В противоположном углу зала сидел Юсиф оглы, пылавший к Буньятзаде черной завистью. У, Юсиф оглы была всего одна жена, да и та страшная уродина. В день свадьбы она сказала ему:
— Имей в виду, если вздумаешь гулять, я всем твоим женщинам отрежу уши, носы и вырежу груди, А что я сделаю с тобой — страшно даже подумать.
Зная скандальный характер семьи, из которой он взял жену, тихий и скромный по характеру Юсиф оглы понимал, что это не пустые угрозы, и утешался коллекционированием картин.
В половине восьмого в зал вошел худощавый мужчина небольшого роста. Его тонкие пальцы на маленьких ручках были покрашены хной. При появлении этого человека все присутствующие в зале встали и поклонились, выражая тем самым сочувствие горю, постигшему его. Несколько лет назад он потерял своего единственного сына Исмаила. В память о сыне старик построил на Николаевской роскошный особняк, на фасаде которого большими буквами было выбито «Исмаил». Этот особняк он передал исламскому благотворительному обществу. На наше собрание он был приглашен лишь потому, что обладал двумястами миллионов рублей. Мы не могли считать его мусульманином, так как он был сторонником отступника Баба[8], казненного Насреддин шахом. Мало кто из нас мог точно сказать, чего добивался Баб, зато все хорошо знали, что Насреддин шах приказал загонять под ногти бабидам раскаленные иглы, сжигать их на кострах, забивать до смерти плетьми. Людей порядочных подобным наказаниям, конечно же, никто подвергать не стал бы. Имя этого старика было Ага Муса Наги.

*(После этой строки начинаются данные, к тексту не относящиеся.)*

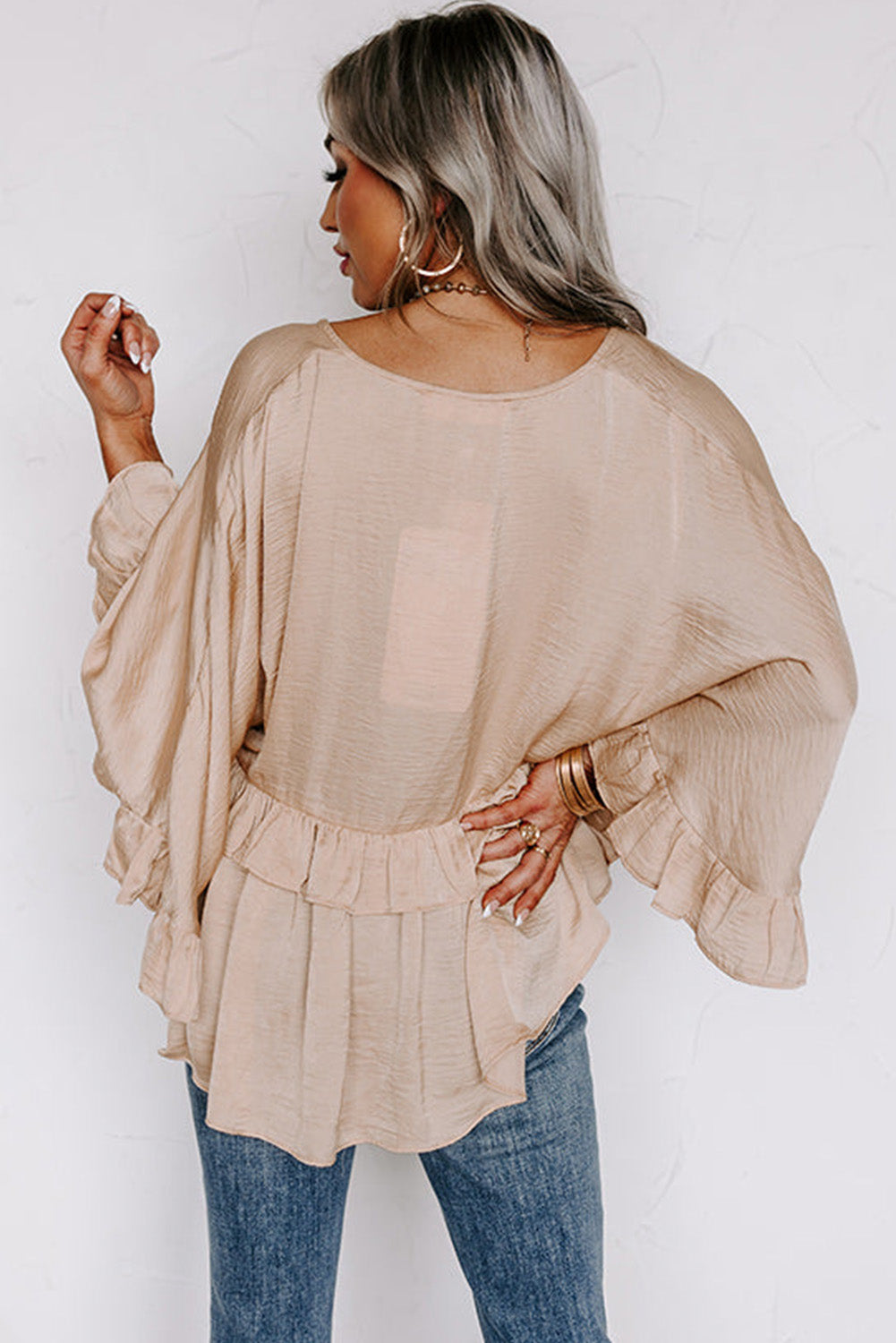 Apricot V Neck Draped Batwing Sleeve Ruffle Top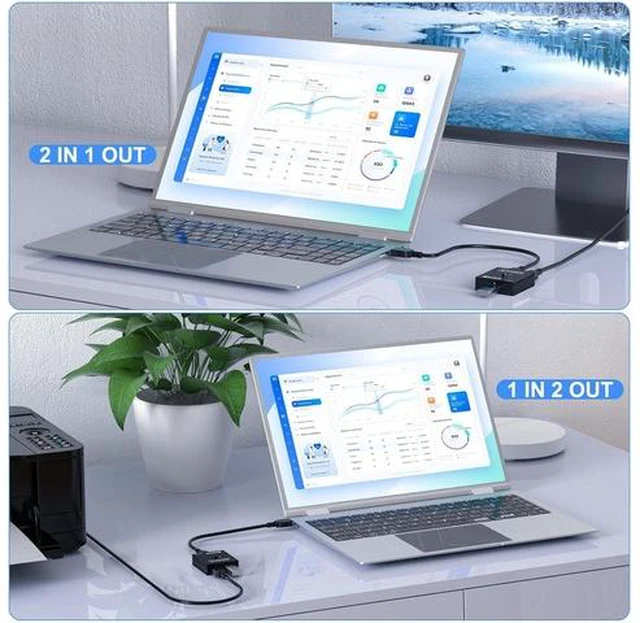 Alt view image 2 of 7 - USB 3.0 Switch Selector, Reyoten Bi-Directional USB Switch 2 in 1 Out / 1 in 2 Out, USB3.0 KVM Switcher for 2 Computers Share Keyboard Mouse Scanner Printer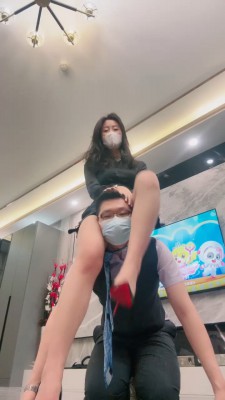 【婧児小主】GTS晓G全语言 黑丝蓝高跟使用小国人类黑丝脚底踩高跟碾鞋里踩YC-220411-2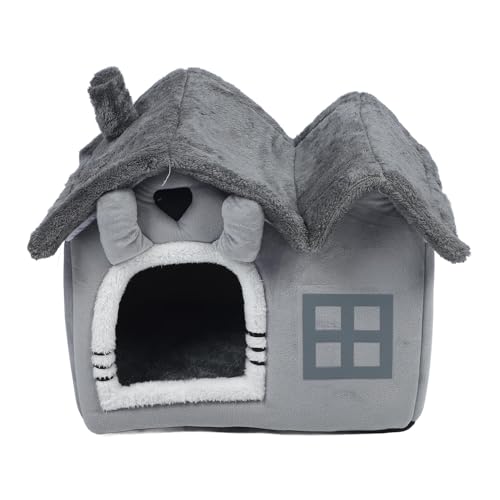 YUYTE Indoor Hundehütte Welpenhöhle Haustierhaus für kleine Hunde mit abnehmbarem, waschbarem Bezug, Unterseite aus weichem Fleece, Leinen (L) von YUYTE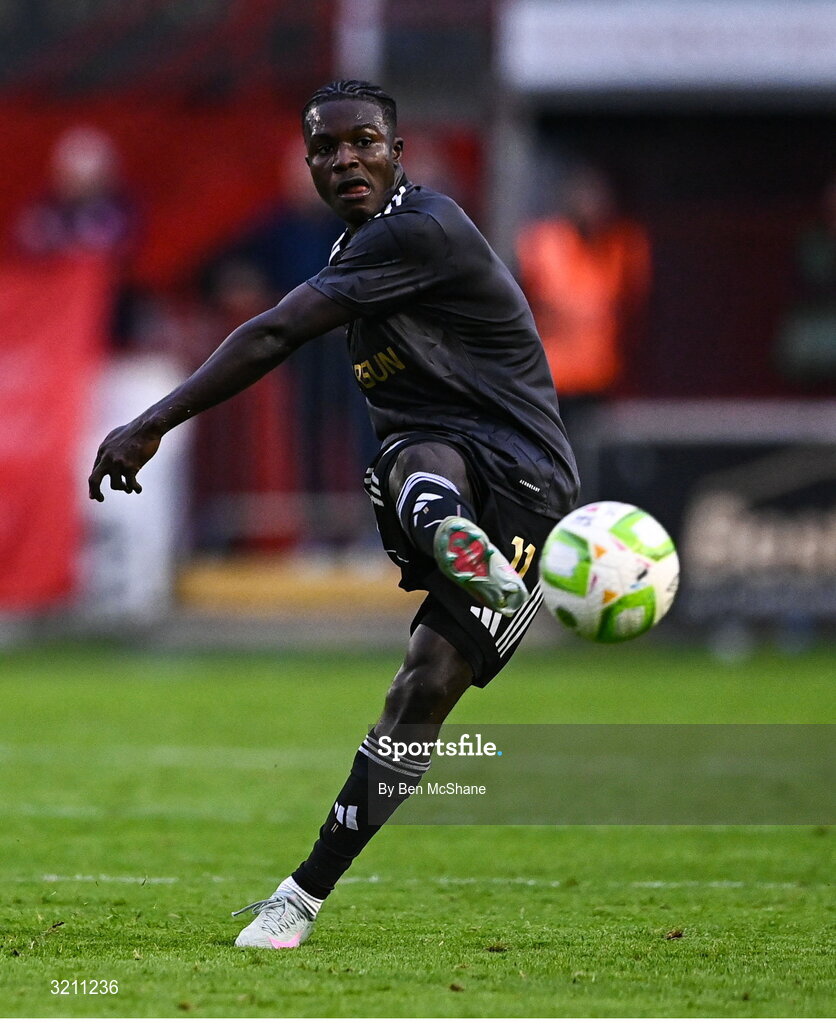 23 July 2025; Emmanuel Addai of Qarabag during the UEFA Champions League Second Qualifying Round first leg match between Shelbourne and Qarabag FK at Tolka Park in Dublin. Photo by Ben McShane/Sportsfile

В восемь часов все приглашенные были в сборе. Эти нефтяные магнаты пили чай, закусывали сладостями и вели мирную беседу о процветании своих промыслов, о лошадях, дачах, деньгах, проигранных за карточными столами. Этого требовал обычай, и согласно ему до девяти часов все разговоры вертелись только вокруг подобных тем. Ровно в девять слуги убрали чай, сладости, плотно закрыли двери, и отец сказал:
— Сын Шамси Асадуллы — Мирза Асадулла хочет поделиться с нами некоторыми мыслями о судьбе нашего народа. Давайте выслушаем его.

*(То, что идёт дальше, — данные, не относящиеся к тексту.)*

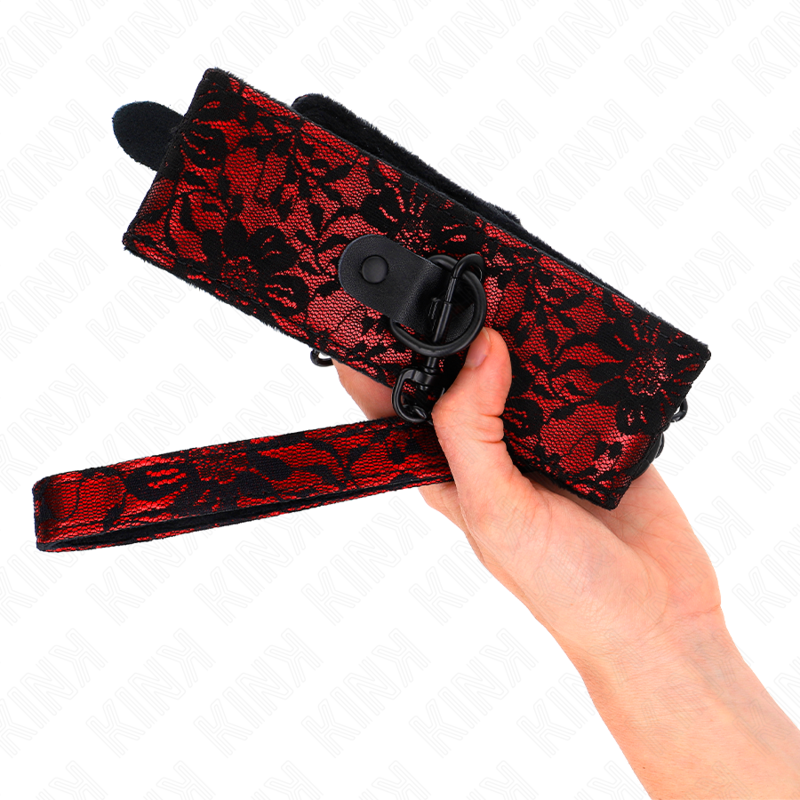 KINK - KANTEN HALSBAND MET RIEM MET ECHTE LEREN RIEM 105 CM / 44 X 5.5 CM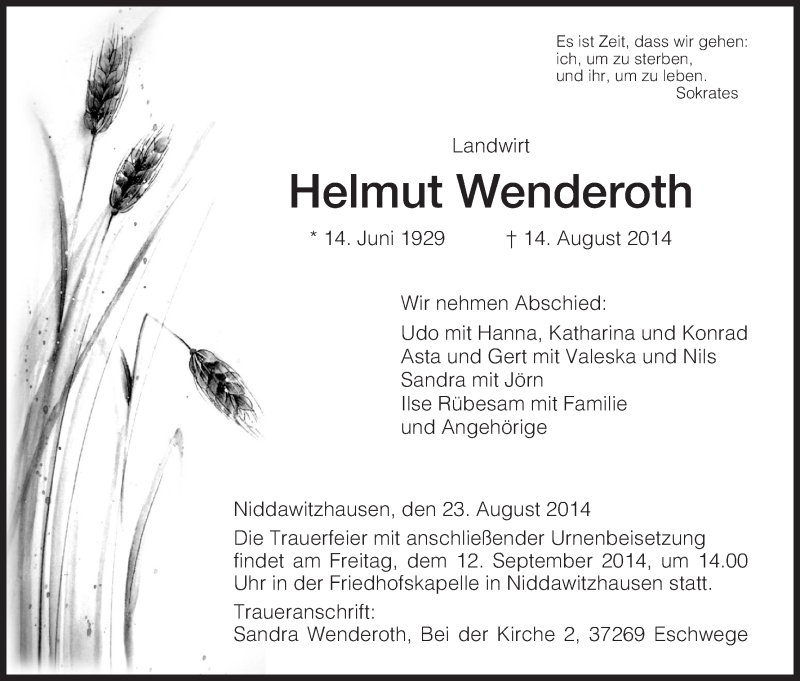  Traueranzeige für Helmut Wenderoth vom 23.08.2014 aus Eschwege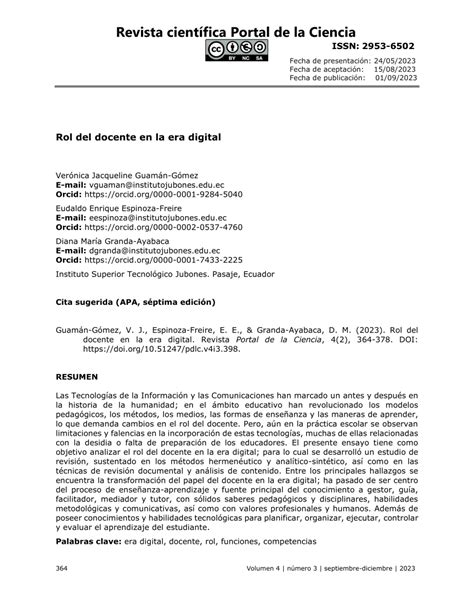 Pdf Rol Del Docente En La Era Digital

Мирза Асадулла поднял красивое задумчивое лицо.
— Если великий князь победит, — медленно заговорил он, — то на свете не останется ни одного исламского государства. А это послужит лишь усилению царя. Нас он, конечно, не тронет, потому что у нас есть деньги. Но все мечети и школы прикажет закрыть, нам будет запрещено говорить на родном языке, иностранцев здесь станет больше, чем нас, и некому будет уже защитить мусульман. Вне всякого сомнения, любая, даже самая маленькая победа Энвера послужила бы нашей пользе. Но сможем ли мы помочь ему в этом деле? Нет. По моему мнению, не сможем. Да, у нас есть деньги, но у царя их больше. У нас люди, но у царя их больше. Так что же мы, можем сделать? Быть может, нам следует собрать денег, людей и снарядить полк для царской армии. Тогда после войны его гнет будет не столь силен. Что вы думаете об этом? Видите ли иной выход?
Мирза Асадулла замолчал. Слово взял его брат.
— Ты хочешь помочь царю. Но кто знает, может быть, после войны и царя не будет?
— Пусть даже царя свергнут, в стране все равно останется много русских.
Братья умолкли.
— Никто не может знать, что записано в книге наших судеб, — вступил в разговор Зейнал ага. Он говорил тихо, словно из последних сил. — Даже если будет захвачен Стамбул, это нельзя будет считать победой великого князя. Потому что ключи нашего счастья не в Стамбуле. Они на Западе. Пусть они называются немцами, там все равно победят — турки. Русские захватили Трабзон, а турки — Варшаву. Вы говорите о русских. Да осталось ли в них что-нибудь русское? Я слышал, что царем правит какой-то мужик Распутин, который царицу называет «мамой». Есть даже великий князь, который хочет свергнуть царя. А другие ждут конца войны, чтобы начать бунт. Одним словом, после этой войны все будет по-другому.